EXERCISE GOAL
The data that follows must be transcribed in full and exactly, minus the pictures.
STORED DATA: Begin
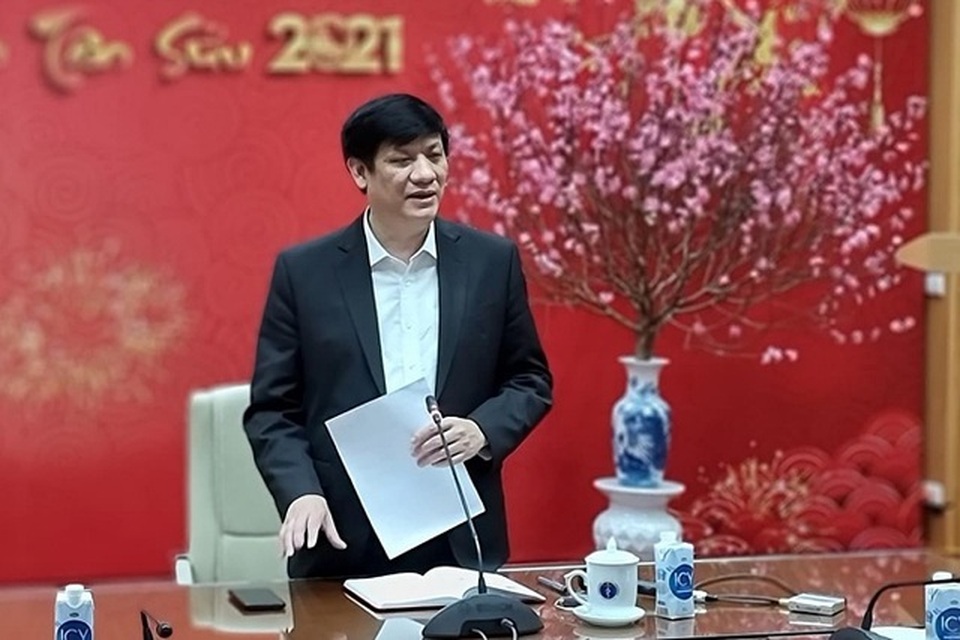 Bộ trưởng Y tế: Nhiều y, bác sĩ đang lặng lẽ, âm thầm không ngại gian khổ - 1 Bộ trưởng Y tế: Nhiều y, bác sĩ đang lặng lẽ, âm thầm không ngại gian khổ - 1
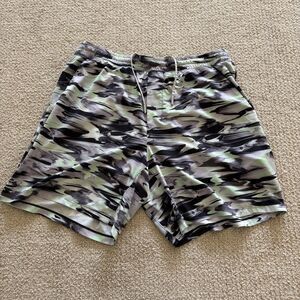 Lululemon Shorts Pace Breaker Mens L Multicolor Elastic Waist Reflective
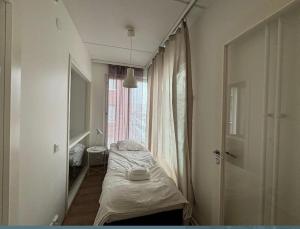 Ένα ή περισσότερα κρεβάτια σε δωμάτιο στο Kotimaailma Helsinki - Tilava kolmio Tikkurilassa +1 φωτογραφίες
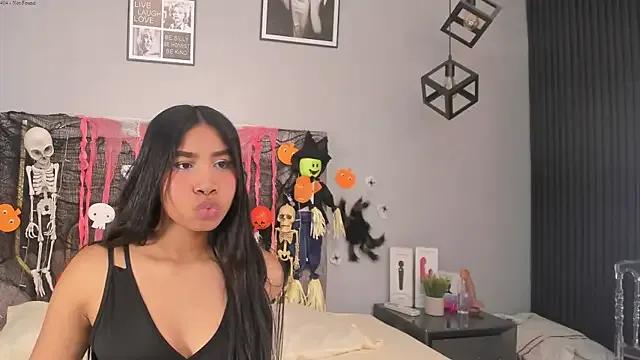 Nahomycarterr on StripChat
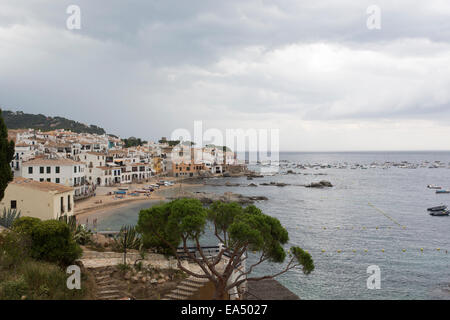 Gebäude am Strand in Calella de Palafrugell, Girona, Spanien Stockfoto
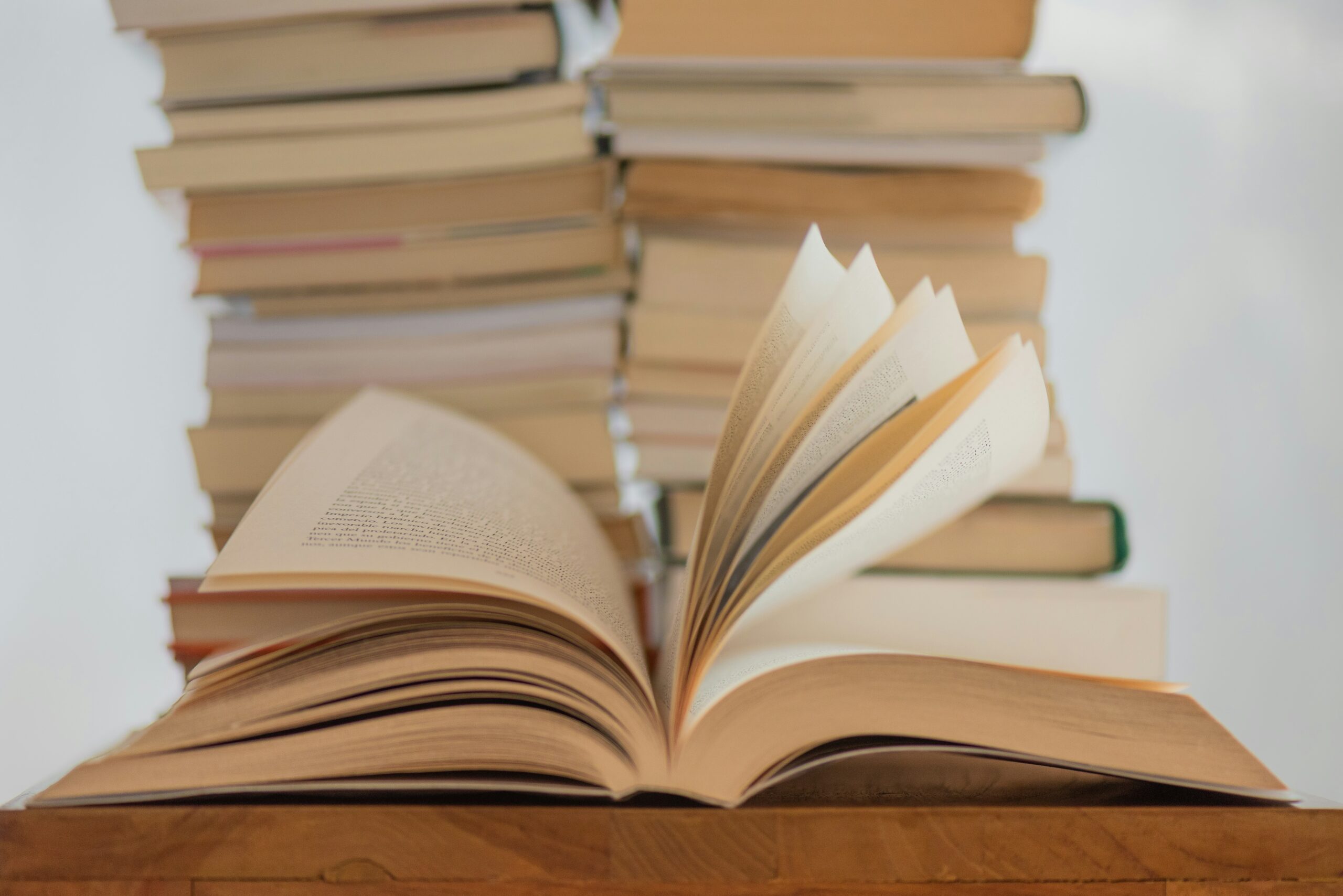 Cómo promocionar tu libro si no te gusta salir en cámara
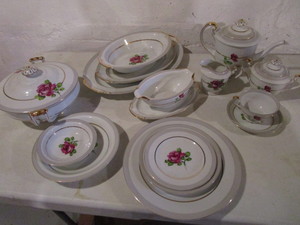lot 346 image: Noga Dinnerware
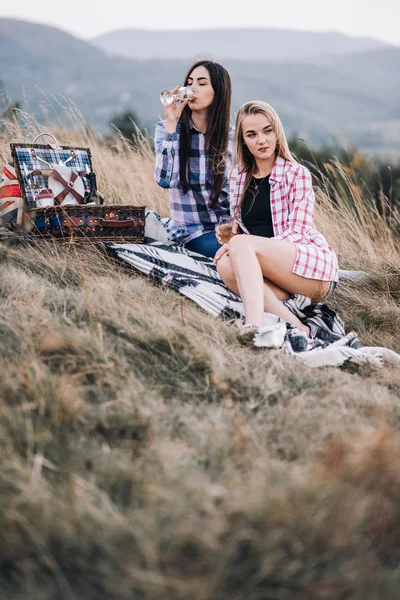 Vackra flickor på picknick i bergen — Stockfoto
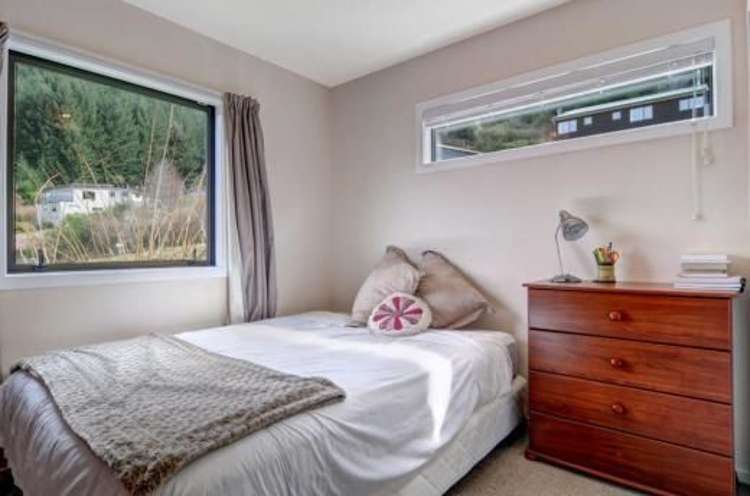 24a Dart Place Fernhill/Sunshine Bay_8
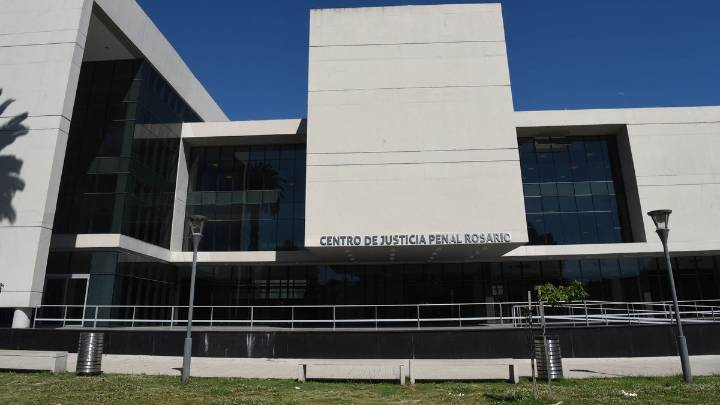 Aceptó una condena por asaltar y estafar a un taxista en la zona sur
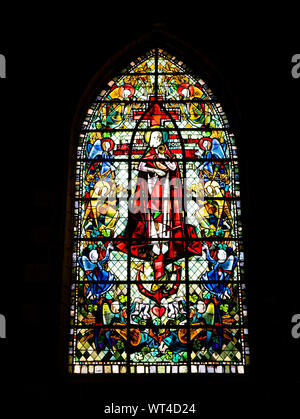 Rennes, Bretagne / France - 26 août 2019 - Vue détaillée de vitraux de l'église de Saint Germain à Rennes en France Banque D'Images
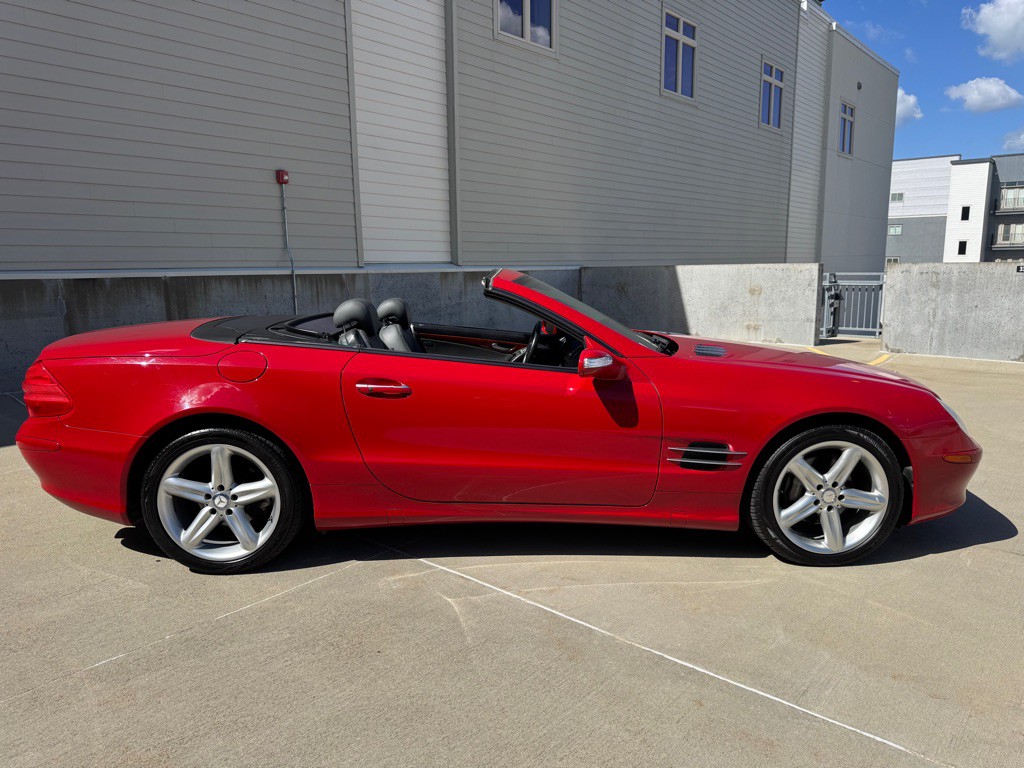 2005 Mercedes-Benz SL-Class Image 2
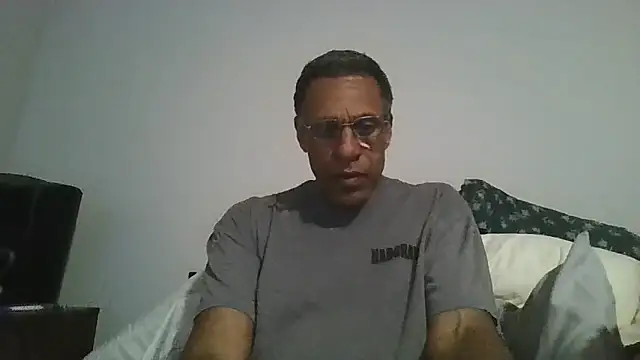 Snapshot of swimmer2496 chatting on 04/24/26, 01:51 swimmer2496 online show from 04/24/26, 01:51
STORED DATA: End
EXERCISE ANSWER
 Bộ trưởng Y tế: Nhiều y, bác sĩ đang lặng lẽ, âm thầm không ngại gian khổ - 1 Bộ trưởng Y tế: Nhiều y, bác sĩ đang lặng lẽ, âm thầm không ngại gian khổ - 1
 Lululemon Shorts Pace Breaker Mens L Multicolor Elastic Waist Reflective
 Ένα ή περισσότερα κρεβάτια σε δωμάτιο στο Kotimaailma Helsinki - Tilava kolmio Tikkurilassa +1 φωτογραφίες
 Nahomycarterr on StripChat
 Gebäude am Strand in Calella de Palafrugell, Girona, Spanien Stockfoto
 Cómo promocionar tu libro si no te gusta salir en cámara
lot 346 image: Noga Dinnerware
 Vackra flickor på picknick i bergen — Stockfoto
 24a Dart Place Fernhill/Sunshine Bay_8
 Aceptó una condena por asaltar y estafar a un taxista en la zona sur
 Rennes, Bretagne / France - 26 août 2019 - Vue détaillée de vitraux de l'église de Saint Germain à Rennes en France Banque D'Images
 2005 Mercedes-Benz SL-Class Image 2
 Snapshot of swimmer2496 chatting on 04/24/26, 01:51 swimmer2496 online show from 04/24/26, 01:51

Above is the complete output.